### Task goal
Give back every entry exactly as it is written, but not the pictures.

(Captioned web image data)
- - -
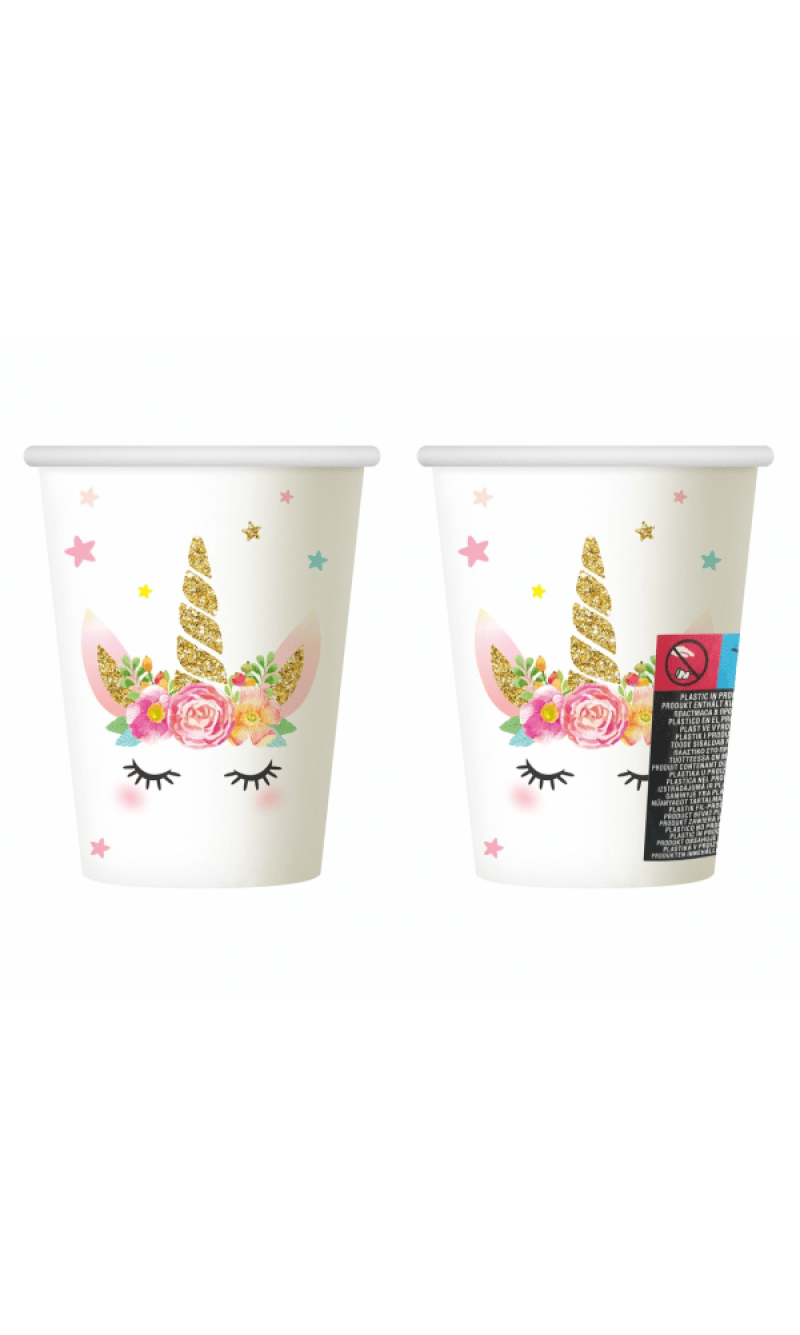 Unicorn Paper Cups 266ml - 6pk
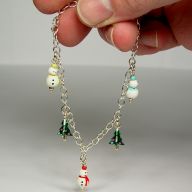 CUTE SNOWMAN AND CHRISTMAS TREE BRACELET, ITALY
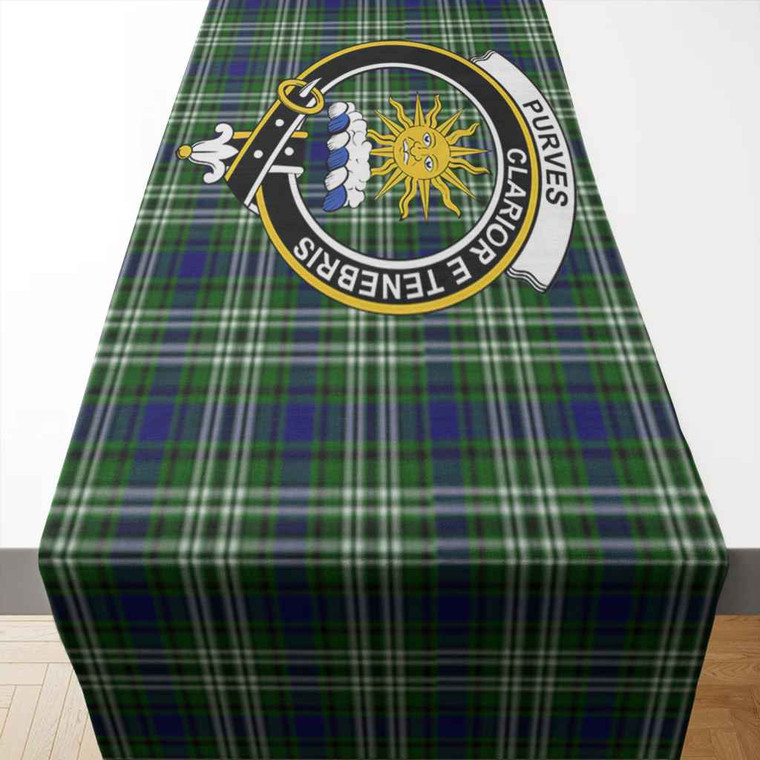 Scottish Purves Clan Crest Tartan Table Runner Tartan Blether 2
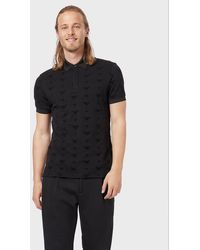 Emporio Armani Flock Polo Shirt - Black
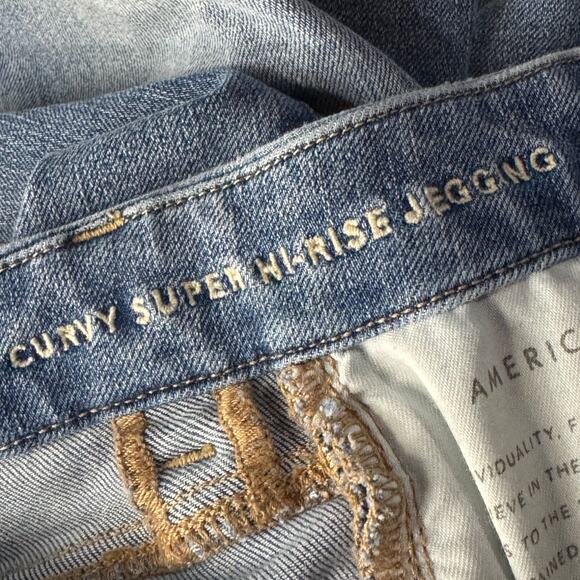 American Eagle SZ 4 Curvy Super Hi-Rise Jegging Jeans Distressed Stretch Dream - Picture 11 of 11
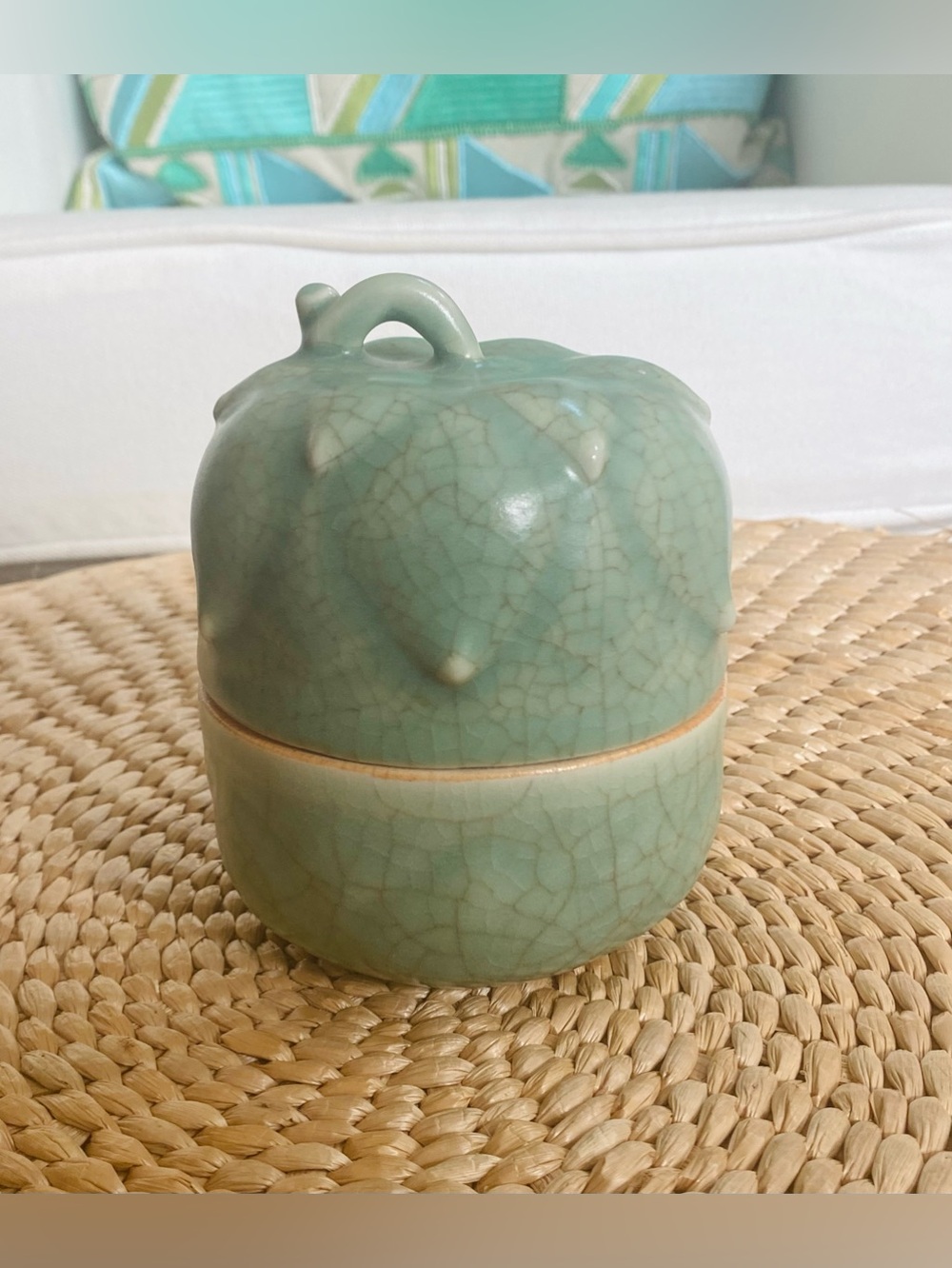 VTG Celadon Crackle Glaze Ginger Jar w Lid Squash Artichoke Chinese Mid Century - Picture 1 of 7
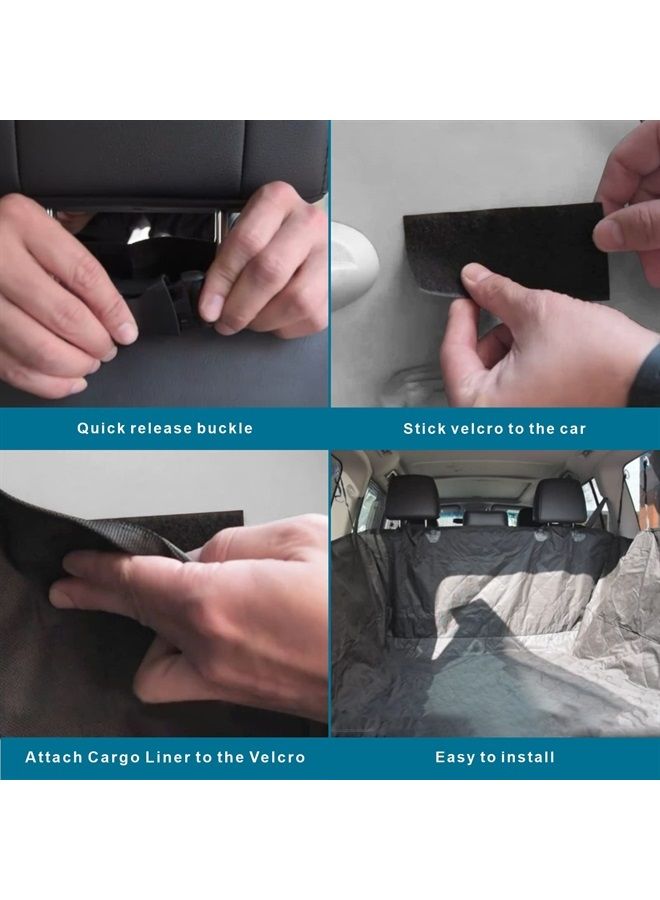 Veckle Cargo Liner, SUV Cargo Cover for Dogs with Side Flaps Hammock Water Resistant Nonslip Dog Seat Cover Cargo Area Protector Scratchproof for SUVs Sedans Vans - Image 2
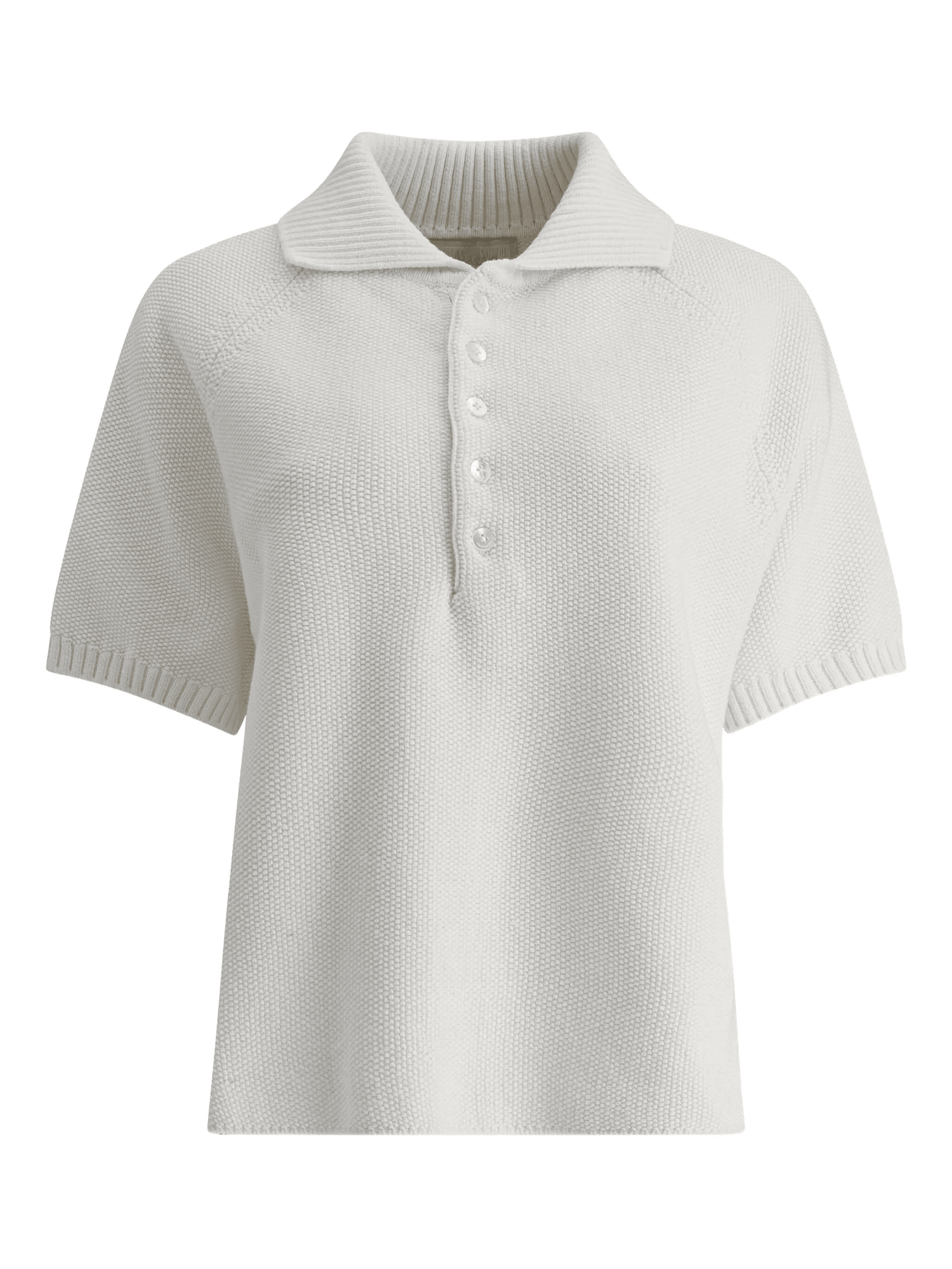 ribbed-collar polo top - Image 1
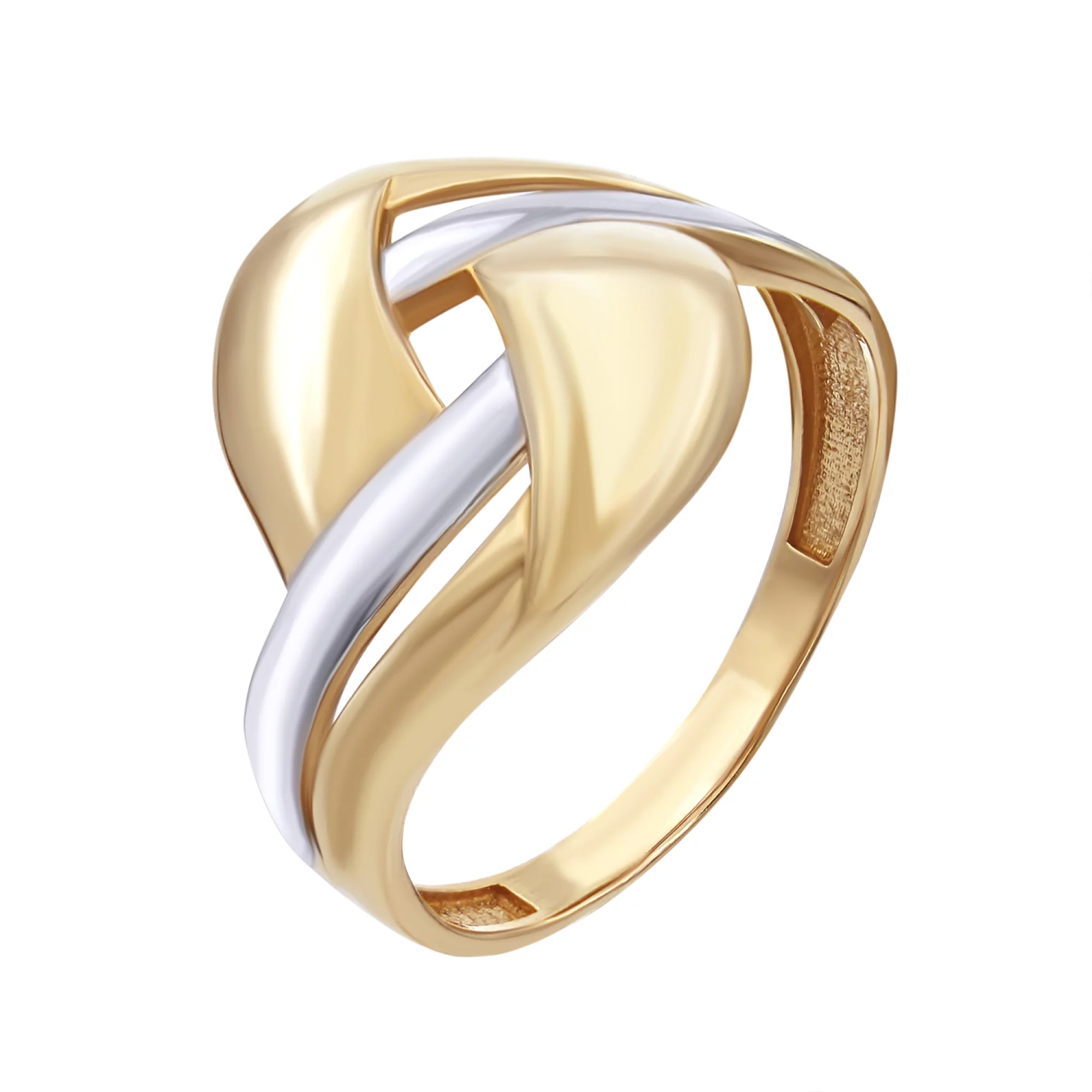 Кольцо из комбинированого золота "Переплетение" - 547221 – изображение 1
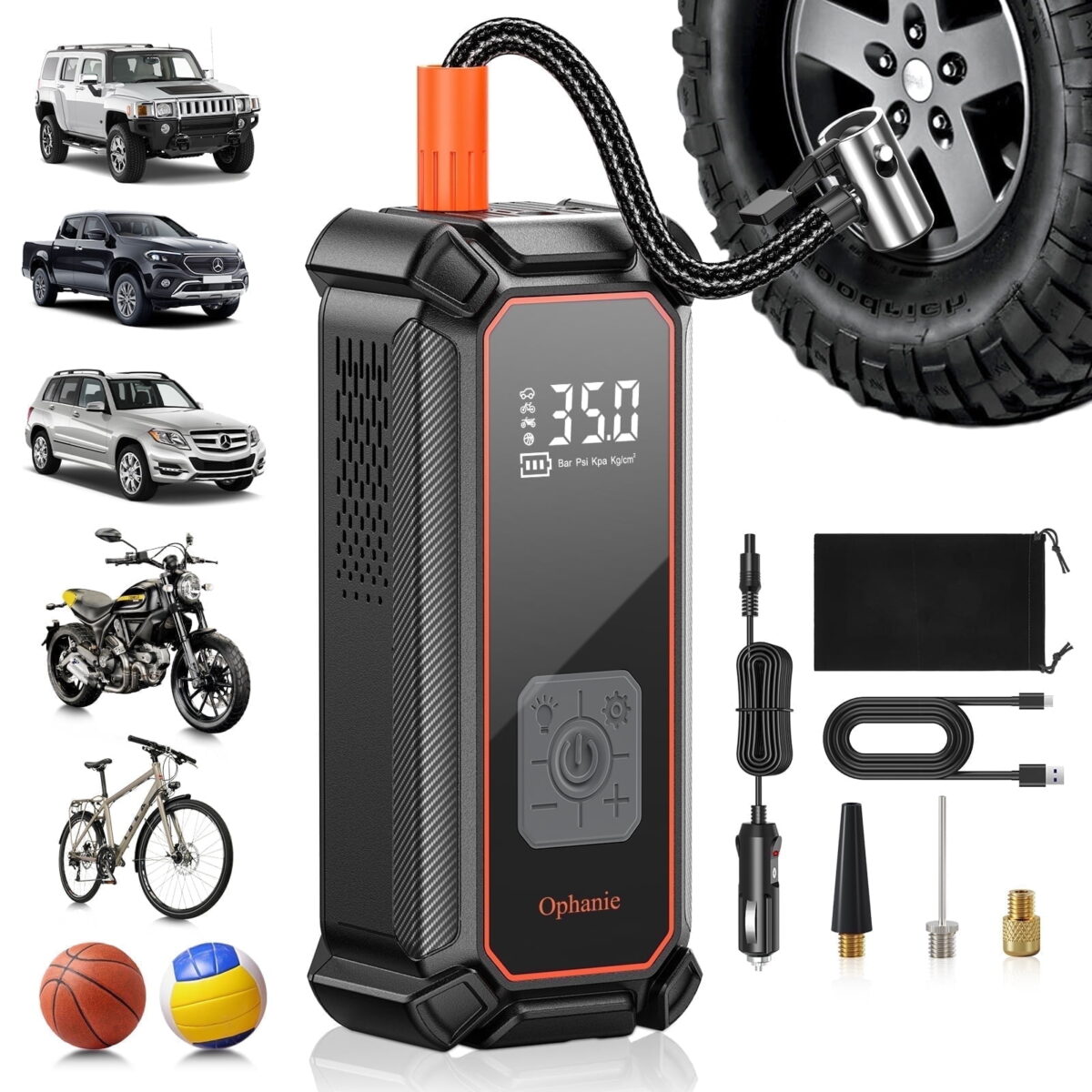Ophanie Cordless Portable Tire Inflator - 160 Psi Digital Pressure Gauge, Air Compressor for Car Tires with Automatic Shutoff, Emergency LED Light, Compact Automotive Pump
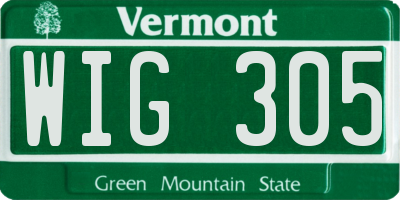VT license plate WIG305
- - -
### Completed task
 Unicorn Paper Cups 266ml - 6pk
 CUTE SNOWMAN AND CHRISTMAS TREE BRACELET, ITALY
 Scottish Purves Clan Crest Tartan Table Runner Tartan Blether 2
 Emporio Armani Flock Polo Shirt - Black
 American Eagle SZ 4 Curvy Super Hi-Rise Jegging Jeans Distressed Stretch Dream - Picture 11 of 11
 VTG Celadon Crackle Glaze Ginger Jar w Lid Squash Artichoke Chinese Mid Century - Picture 1 of 7
 Veckle Cargo Liner, SUV Cargo Cover for Dogs with Side Flaps Hammock Water Resistant Nonslip Dog Seat Cover Cargo Area Protector Scratchproof for SUVs Sedans Vans - Image 2
 ribbed-collar polo top - Image 1
 Кольцо из комбинированого золота "Переплетение" - 547221 – изображение 1
Ophanie Cordless Portable Tire Inflator - 160 Psi Digital Pressure Gauge, Air Compressor for Car Tires with Automatic Shutoff, Emergency LED Light, Compact Automotive Pump
VT license plate WIG305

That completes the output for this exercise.